The May 2005 issue has two articles on the activities of the religious right that are well worth reading. Jeff Sharlett writes about the New Life Church, which he describes as "America's most powerful megachurch" and has 11,000 members. He points out that slowly, over time, the town of Colorado Springs, where this church is, has become the capital of what he calls 'Christian conservatives.'
But the more disturbing article is that by Chris Hedges, former foreign correspondent for the New York Times and author of the book War is the Force That Gives Us Meaning, who writes about attending the annual convention of the National Religious Broadcasters association, which was held in Orange County, California which he says "along with Colorado Springs, is a center of the new militant Christianity." And his essay "Feeling the hate with the National Religious Broadcasters" describes some disturbing trends in the way that these groups view the role of Christianity in America and the world.

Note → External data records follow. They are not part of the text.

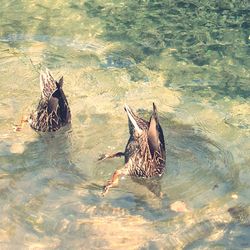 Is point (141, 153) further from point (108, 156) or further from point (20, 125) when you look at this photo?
point (20, 125)

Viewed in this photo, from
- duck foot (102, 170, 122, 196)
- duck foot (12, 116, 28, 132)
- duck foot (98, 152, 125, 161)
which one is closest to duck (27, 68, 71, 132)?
duck foot (12, 116, 28, 132)

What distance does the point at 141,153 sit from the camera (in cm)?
745

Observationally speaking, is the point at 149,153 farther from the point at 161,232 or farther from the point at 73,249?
the point at 73,249

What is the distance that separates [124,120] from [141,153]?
5.69 feet

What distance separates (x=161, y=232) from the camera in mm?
6895

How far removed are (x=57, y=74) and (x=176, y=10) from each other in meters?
3.87

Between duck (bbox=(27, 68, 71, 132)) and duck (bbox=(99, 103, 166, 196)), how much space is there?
130 centimetres

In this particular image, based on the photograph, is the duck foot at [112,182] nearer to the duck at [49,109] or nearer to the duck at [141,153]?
the duck at [141,153]

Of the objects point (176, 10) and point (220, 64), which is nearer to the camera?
point (220, 64)

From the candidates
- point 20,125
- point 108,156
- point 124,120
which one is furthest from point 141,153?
point 20,125

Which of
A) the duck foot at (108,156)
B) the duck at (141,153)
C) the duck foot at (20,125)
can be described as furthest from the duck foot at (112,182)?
the duck foot at (20,125)

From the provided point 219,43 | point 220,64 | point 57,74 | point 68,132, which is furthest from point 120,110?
point 219,43

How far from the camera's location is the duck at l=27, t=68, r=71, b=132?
8375mm

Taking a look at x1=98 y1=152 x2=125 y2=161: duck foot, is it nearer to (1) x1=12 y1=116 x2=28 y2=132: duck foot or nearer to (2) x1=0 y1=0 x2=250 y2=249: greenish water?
(2) x1=0 y1=0 x2=250 y2=249: greenish water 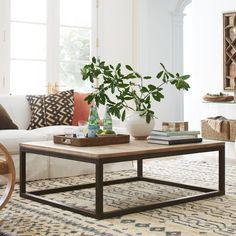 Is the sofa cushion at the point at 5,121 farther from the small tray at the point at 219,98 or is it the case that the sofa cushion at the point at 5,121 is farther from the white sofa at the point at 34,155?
the small tray at the point at 219,98

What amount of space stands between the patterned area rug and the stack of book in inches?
15.5

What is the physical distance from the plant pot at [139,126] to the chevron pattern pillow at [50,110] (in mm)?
1353

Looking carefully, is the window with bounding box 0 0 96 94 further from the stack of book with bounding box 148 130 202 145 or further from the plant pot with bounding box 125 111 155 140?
the stack of book with bounding box 148 130 202 145

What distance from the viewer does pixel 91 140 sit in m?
3.47

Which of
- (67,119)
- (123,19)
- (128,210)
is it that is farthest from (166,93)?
(128,210)

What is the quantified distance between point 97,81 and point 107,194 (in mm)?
3430

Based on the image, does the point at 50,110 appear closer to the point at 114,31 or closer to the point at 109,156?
the point at 109,156

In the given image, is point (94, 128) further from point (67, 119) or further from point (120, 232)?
point (67, 119)

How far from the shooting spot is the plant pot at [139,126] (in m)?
3.88

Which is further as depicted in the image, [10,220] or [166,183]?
[166,183]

Hedges traces the evolution of the militant version of Christianity that is becoming the dogma of the many separate groups that are coming together under a common doctrinal framework. He says:
What the disparate sects of this movement, known as Dominionism, share is an obsession with political power. A decades-long refusal to engage in politics at all following the Scopes trial has been replaced by a call for Christian "Dominion" over the nation and, eventually, over the earth itself. Dominionists preach that Jesus has called them to build the kingdom of God in the here and now, whereas previously it was thought that we would have to wait for it. America becomes, in this militant Biblicism, an agent of God, and all political and intellectual opponents of America's Christian leaders are viewed, quite simply, as agents of Satan. Under Christian dominion, America will no longer be a sinful and fallen nation but one in which the Ten Commandments form the basis of our legal system, Creationism and "Christian values" form the basis of our educational system, and the media and the government proclaim the Good News to one and all. Aside from its proselytizing mandate, the federal government will be reduced to the protection of property rights and "homeland security." Some Dominionists (not all of whom accept the label, at least not publicly) would further require all citizens to pay "tithes" to church organizations empowered by the government to run our social-welfare agencies, and a number of influential figures advocate the death penalty for a host of "moral crimes," including apostasy, blasphemy, sodomy, and witchcraft. The only legitimate voices in this state will be Christian. All others will be silenced.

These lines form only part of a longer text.